Sgt. 1st Class Andrew Smith, the U.S. Army Reserves’ senior 88N instructor, said the near-term objective is to cross-train 40-50 Reserve instructors per year. The long-term mark is to train every instructor.
“The goal is be 100-percent interchangeable,” he said.
When certain OASS milestones are reached, ideally, any Soldier will be afforded the opportunity to receive standardized training at various locations around the country. Pate said this will be especially important for those who are required to attend the noncommissioned advanced and senior leader courses. As it stands currently, most of the Soldiers required to attend leadership courses must travel to Fort Lee to receive the training. That’s a costly endeavor, Pate said.
“Why can’t we benefit the Army by having the same training on the West Coast, Middle America as well as the East Coast?” he said. “That would make the training regional. That’s one of our hopes for OASS — having an ALC, 88-series at several locations other than Fort Lee, Fort Leonard Wood or Fort Eustis.
“That way, someone in Washington (state) would only have to travel to California or Nevada to attend school versus flying all the way to Virginia.”
That will be a critical factor for the Transportation Corps, one of the smallest in the Army, and especially considering the impending troop and resource reductions.
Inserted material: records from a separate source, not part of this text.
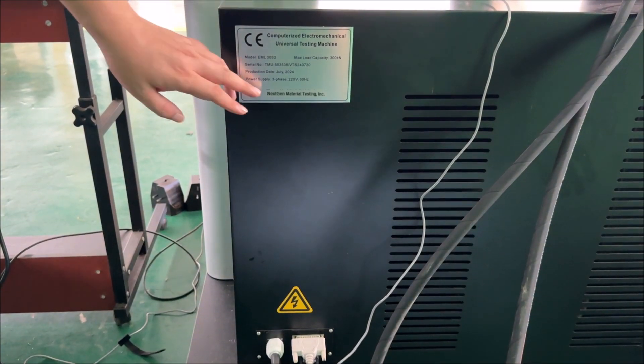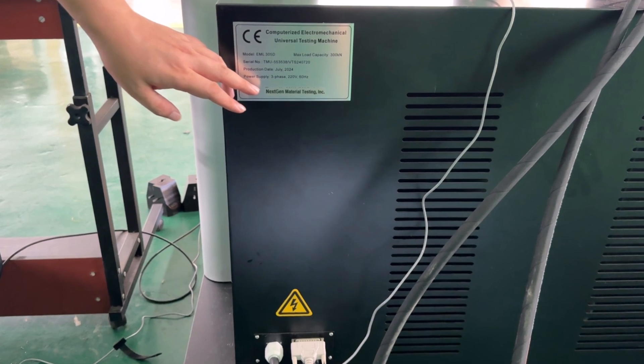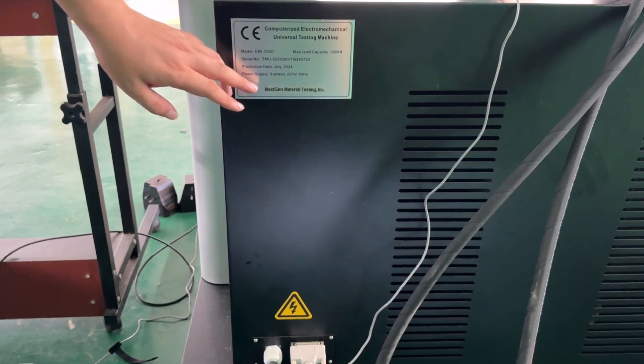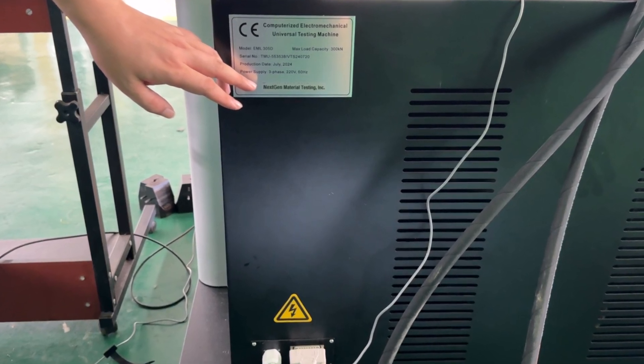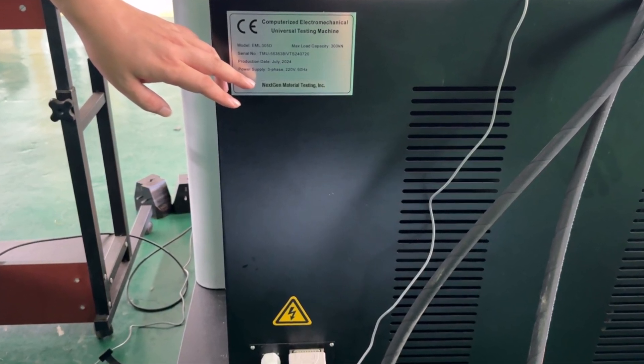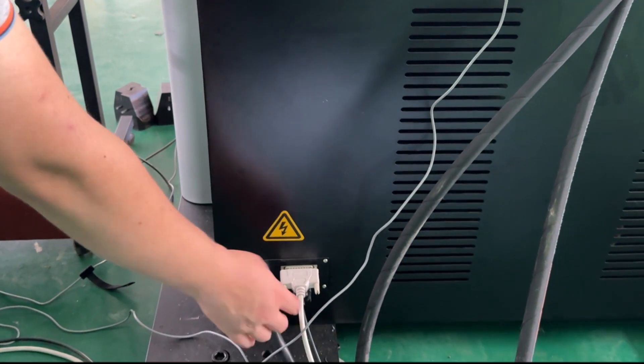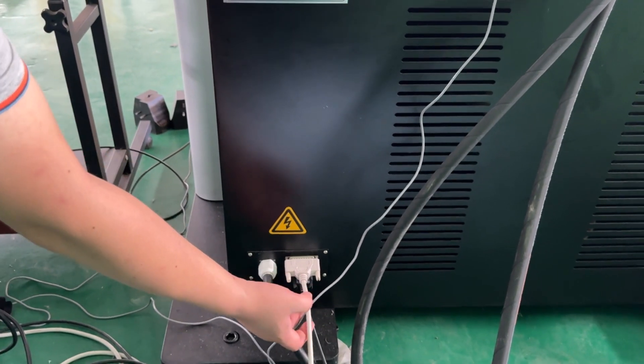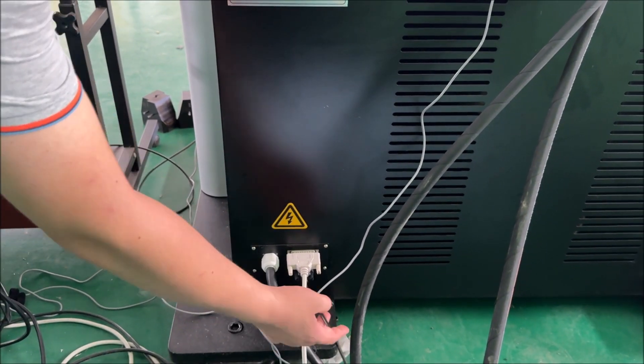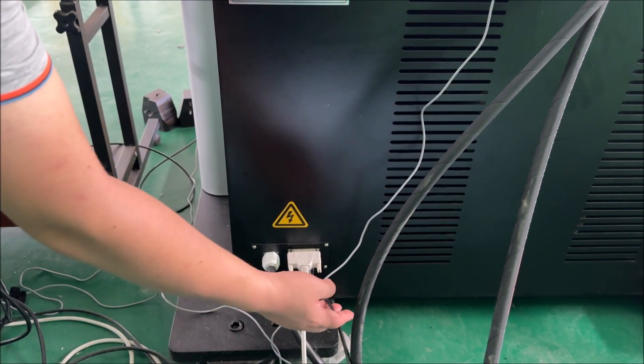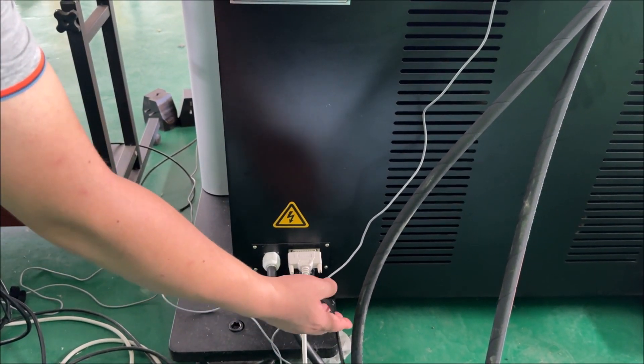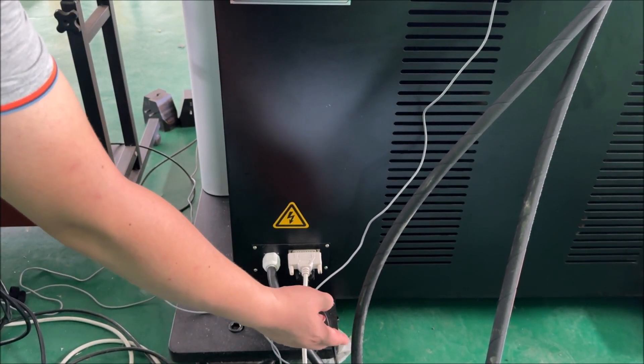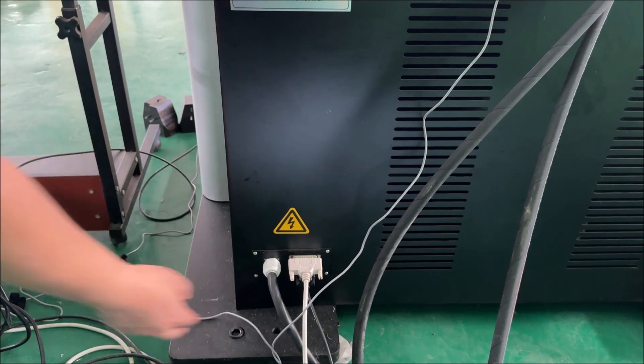The mainframe power is three phase 220 volts, 50 to 60 hertz. This is the power cable, and here is the communication cable. This cable is for the 300 kilonewton load cell.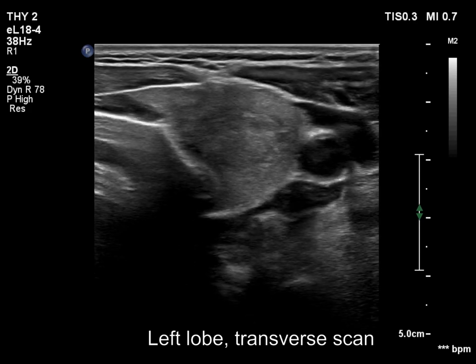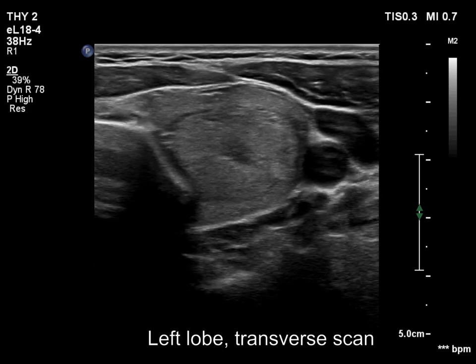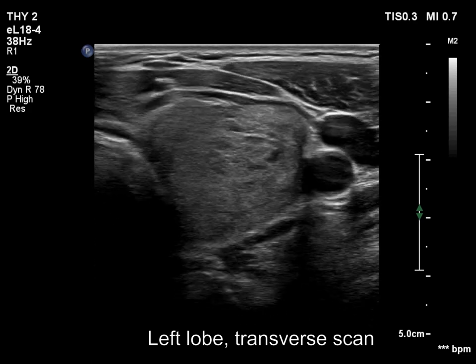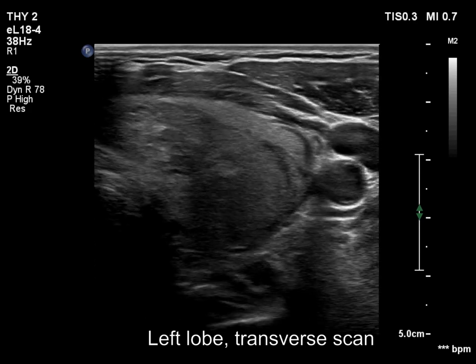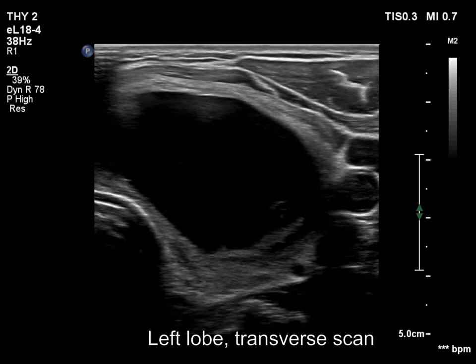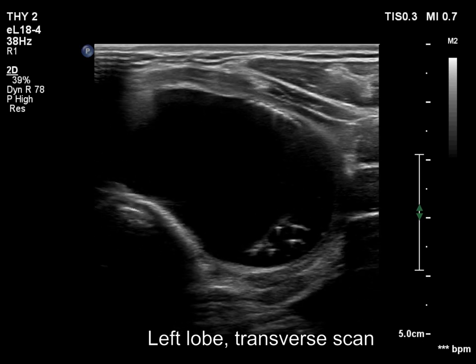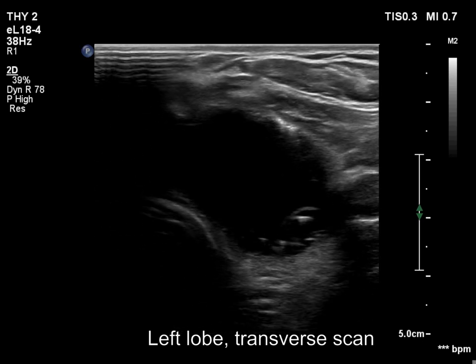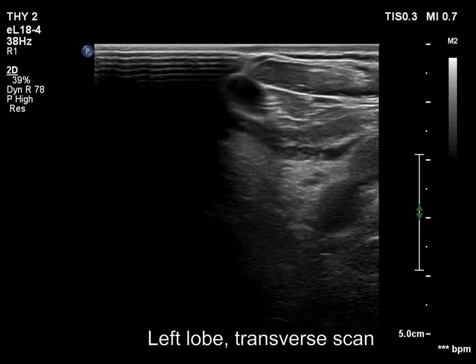The left lobe has a relatively large isoechoic nodule. Here is a smaller lesion, while in the lower half, there is a large cystic nodule.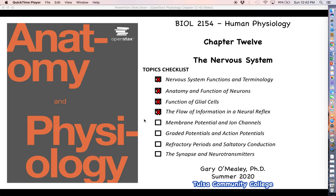Hello everyone, welcome back for more nervous system physiology. Now that we have covered the basics, we're going to move into possibly one of the most complicated things that we're going to talk about all semester.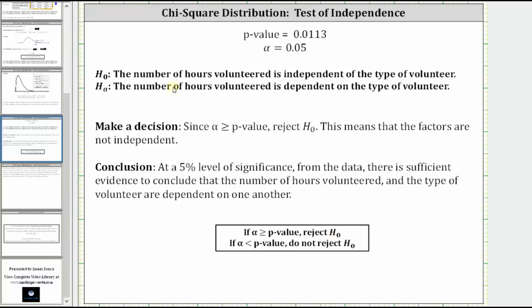The null hypothesis is that the number of hours volunteered is independent of the type of volunteer. We are rejecting this, and therefore our final conclusion is: at a 5% level of significance, from the data, there is sufficient evidence to conclude that the number of hours volunteered and the type of volunteer are dependent on one another.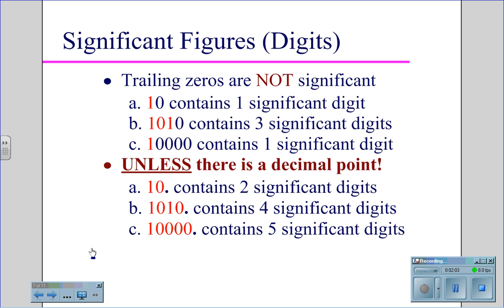Trailing zeros are not significant, unless there is a decimal following them. So for the number 10 followed by a decimal point, that zero becomes significant and you have two significant digits. For 1010 with a decimal, all the zeros become significant and you have four significant digits. For the number 10,000 with a decimal point, five significant digits.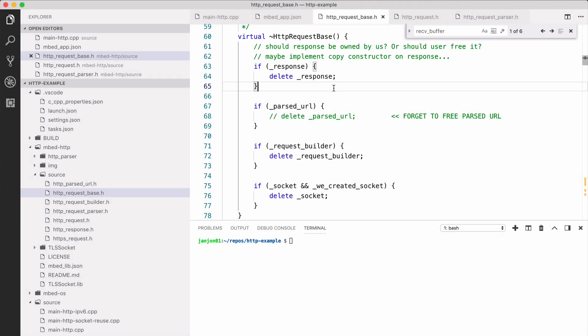So that was quite a simple program, but let's look at something more complex. This is an HTTP example using mbed-http, our HTTP HTTPS library. It also does networking operations. I've deliberately added a bug, so we forget to delete the parsed URL object whenever the HTTP request gets destructed. Let's see how this is looking when we enable memory tracing for this application.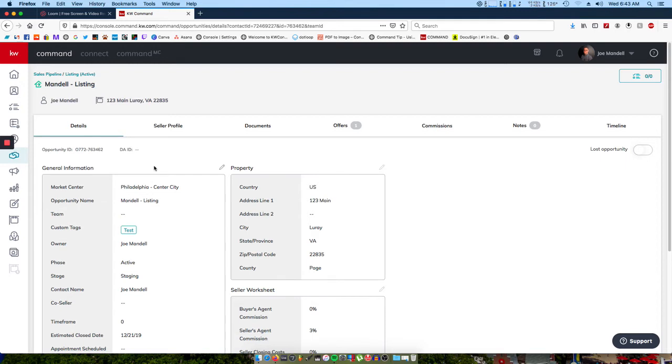But for the admin or back end side, we're not searching for the client name or transaction type. We're searching for the property address.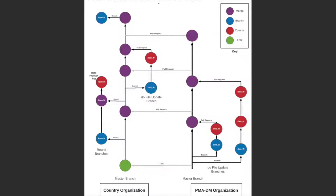Hello everyone, my name is Beth Larson and I'm a Frank FM research data manager with PMA. The purpose of this video is to review the PMA data management git workflow.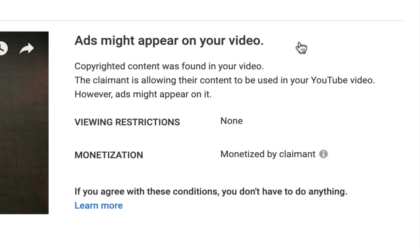As you can see, in case I forgot from the previous screen, YouTube reminds me here that there's some copyright content in my video. Okay, again, duh.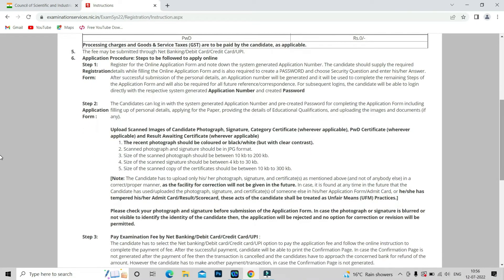Here are the steps you have to go through before applying. You can register yourself, and after registration you will get an auto-generated application number. Note down this application number for future correspondence — like downloading your admit card and checking your result. You can also create your account by choosing an appropriate password.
Pate said OASS can serve as a guard against the cutbacks.
“The last time the Army went through a drawdown, there were a lot of gaps,” he said. “With these backfills (from the Reserve components), it’s going to help us maintain readiness. It’s one team, one fight.”
How will the OASS initiative play out over the long term? Pate said he knows it will have a significant impact on the Transportation Corps but said it could have the same effect Army-wide.
“Within the next five years,” he said, “I would like to see it fully implemented across the board. Have it to where there is truly one standard. I would like to see the day when an active duty Soldier can go to a Reserve training course and there is truly no difference in training — one team; the day when a Soldier — AIT, NCO or officer — from Fort Lewis, Wash., can train on the West Coast, and the quality of training received is no different than the training he or she would receive anywhere else.”